● **EXERCISE AIM**
Every record must come back exactly as given.

(Short descriptive text snippets)
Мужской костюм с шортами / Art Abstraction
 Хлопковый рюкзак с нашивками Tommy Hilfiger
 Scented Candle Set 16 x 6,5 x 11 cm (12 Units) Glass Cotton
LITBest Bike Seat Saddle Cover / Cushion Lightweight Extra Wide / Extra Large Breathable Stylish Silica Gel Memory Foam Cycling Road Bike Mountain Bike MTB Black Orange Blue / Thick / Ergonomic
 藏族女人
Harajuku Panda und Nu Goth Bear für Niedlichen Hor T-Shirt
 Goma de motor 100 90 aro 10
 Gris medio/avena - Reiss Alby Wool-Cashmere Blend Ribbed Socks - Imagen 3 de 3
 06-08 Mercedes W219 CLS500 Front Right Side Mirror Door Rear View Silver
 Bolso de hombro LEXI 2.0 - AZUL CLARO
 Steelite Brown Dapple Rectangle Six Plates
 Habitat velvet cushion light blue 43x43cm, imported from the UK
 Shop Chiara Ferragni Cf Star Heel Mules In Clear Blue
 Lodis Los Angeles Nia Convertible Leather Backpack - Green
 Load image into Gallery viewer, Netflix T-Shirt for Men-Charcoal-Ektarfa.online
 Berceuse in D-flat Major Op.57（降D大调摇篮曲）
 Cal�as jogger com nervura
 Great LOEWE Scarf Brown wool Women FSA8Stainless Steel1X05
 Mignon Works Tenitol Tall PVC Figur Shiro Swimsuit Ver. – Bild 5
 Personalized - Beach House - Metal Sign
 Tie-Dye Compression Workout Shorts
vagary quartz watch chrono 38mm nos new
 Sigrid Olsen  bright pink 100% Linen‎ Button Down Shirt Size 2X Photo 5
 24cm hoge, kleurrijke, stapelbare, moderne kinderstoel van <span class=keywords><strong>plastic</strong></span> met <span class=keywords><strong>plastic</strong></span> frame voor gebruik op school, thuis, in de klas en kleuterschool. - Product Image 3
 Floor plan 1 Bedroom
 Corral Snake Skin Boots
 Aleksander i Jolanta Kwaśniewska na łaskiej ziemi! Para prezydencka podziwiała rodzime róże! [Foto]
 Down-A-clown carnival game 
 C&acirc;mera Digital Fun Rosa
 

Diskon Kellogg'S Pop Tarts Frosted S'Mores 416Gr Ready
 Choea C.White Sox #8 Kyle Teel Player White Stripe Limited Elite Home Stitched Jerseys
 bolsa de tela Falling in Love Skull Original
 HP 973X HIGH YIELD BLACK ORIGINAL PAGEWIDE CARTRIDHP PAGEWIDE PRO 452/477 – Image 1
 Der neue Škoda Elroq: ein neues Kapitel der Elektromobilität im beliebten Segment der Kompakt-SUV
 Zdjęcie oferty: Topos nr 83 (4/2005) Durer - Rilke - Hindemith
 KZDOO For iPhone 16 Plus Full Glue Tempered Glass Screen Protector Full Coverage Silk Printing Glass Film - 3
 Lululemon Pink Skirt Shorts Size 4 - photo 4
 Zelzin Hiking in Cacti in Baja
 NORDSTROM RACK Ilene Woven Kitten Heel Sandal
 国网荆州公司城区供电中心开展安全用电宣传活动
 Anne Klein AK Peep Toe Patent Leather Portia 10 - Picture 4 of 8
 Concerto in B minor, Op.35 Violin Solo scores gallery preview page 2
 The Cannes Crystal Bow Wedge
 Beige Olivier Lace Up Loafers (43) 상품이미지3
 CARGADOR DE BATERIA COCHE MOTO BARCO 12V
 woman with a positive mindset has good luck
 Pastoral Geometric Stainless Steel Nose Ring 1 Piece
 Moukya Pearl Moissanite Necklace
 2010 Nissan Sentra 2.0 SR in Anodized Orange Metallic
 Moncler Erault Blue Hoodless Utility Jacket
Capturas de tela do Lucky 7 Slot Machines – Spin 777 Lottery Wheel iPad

● **ANSWER AREA**
Мужской костюм с шортами / Art Abstraction
 Хлопковый рюкзак с нашивками Tommy Hilfiger
 Scented Candle Set 16 x 6,5 x 11 cm (12 Units) Glass Cotton
LITBest Bike Seat Saddle Cover / Cushion Lightweight Extra Wide / Extra Large Breathable Stylish Silica Gel Memory Foam Cycling Road Bike Mountain Bike MTB Black Orange Blue / Thick / Ergonomic
 藏族女人
Harajuku Panda und Nu Goth Bear für Niedlichen Hor T-Shirt
 Goma de motor 100 90 aro 10
 Gris medio/avena - Reiss Alby Wool-Cashmere Blend Ribbed Socks - Imagen 3 de 3
 06-08 Mercedes W219 CLS500 Front Right Side Mirror Door Rear View Silver
 Bolso de hombro LEXI 2.0 - AZUL CLARO
 Steelite Brown Dapple Rectangle Six Plates
 Habitat velvet cushion light blue 43x43cm, imported from the UK
 Shop Chiara Ferragni Cf Star Heel Mules In Clear Blue
 Lodis Los Angeles Nia Convertible Leather Backpack - Green
 Load image into Gallery viewer, Netflix T-Shirt for Men-Charcoal-Ektarfa.online
 Berceuse in D-flat Major Op.57（降D大调摇篮曲）
 Cal�as jogger com nervura
 Great LOEWE Scarf Brown wool Women FSA8Stainless Steel1X05
 Mignon Works Tenitol Tall PVC Figur Shiro Swimsuit Ver. – Bild 5
 Personalized - Beach House - Metal Sign
 Tie-Dye Compression Workout Shorts
vagary quartz watch chrono 38mm nos new
 Sigrid Olsen  bright pink 100% Linen‎ Button Down Shirt Size 2X Photo 5
 24cm hoge, kleurrijke, stapelbare, moderne kinderstoel van <span class=keywords><strong>plastic</strong></span> met <span class=keywords><strong>plastic</strong></span> frame voor gebruik op school, thuis, in de klas en kleuterschool. - Product Image 3
 Floor plan 1 Bedroom
 Corral Snake Skin Boots
 Aleksander i Jolanta Kwaśniewska na łaskiej ziemi! Para prezydencka podziwiała rodzime róże! [Foto]
 Down-A-clown carnival game 
 C&acirc;mera Digital Fun Rosa
 

Diskon Kellogg'S Pop Tarts Frosted S'Mores 416Gr Ready
 Choea C.White Sox #8 Kyle Teel Player White Stripe Limited Elite Home Stitched Jerseys
 bolsa de tela Falling in Love Skull Original
 HP 973X HIGH YIELD BLACK ORIGINAL PAGEWIDE CARTRIDHP PAGEWIDE PRO 452/477 – Image 1
 Der neue Škoda Elroq: ein neues Kapitel der Elektromobilität im beliebten Segment der Kompakt-SUV
 Zdjęcie oferty: Topos nr 83 (4/2005) Durer - Rilke - Hindemith
 KZDOO For iPhone 16 Plus Full Glue Tempered Glass Screen Protector Full Coverage Silk Printing Glass Film - 3
 Lululemon Pink Skirt Shorts Size 4 - photo 4
 Zelzin Hiking in Cacti in Baja
 NORDSTROM RACK Ilene Woven Kitten Heel Sandal
 国网荆州公司城区供电中心开展安全用电宣传活动
 Anne Klein AK Peep Toe Patent Leather Portia 10 - Picture 4 of 8
 Concerto in B minor, Op.35 Violin Solo scores gallery preview page 2
 The Cannes Crystal Bow Wedge
 Beige Olivier Lace Up Loafers (43) 상품이미지3
 CARGADOR DE BATERIA COCHE MOTO BARCO 12V
 woman with a positive mindset has good luck
 Pastoral Geometric Stainless Steel Nose Ring 1 Piece
 Moukya Pearl Moissanite Necklace
 2010 Nissan Sentra 2.0 SR in Anodized Orange Metallic
 Moncler Erault Blue Hoodless Utility Jacket
Capturas de tela do Lucky 7 Slot Machines – Spin 777 Lottery Wheel iPad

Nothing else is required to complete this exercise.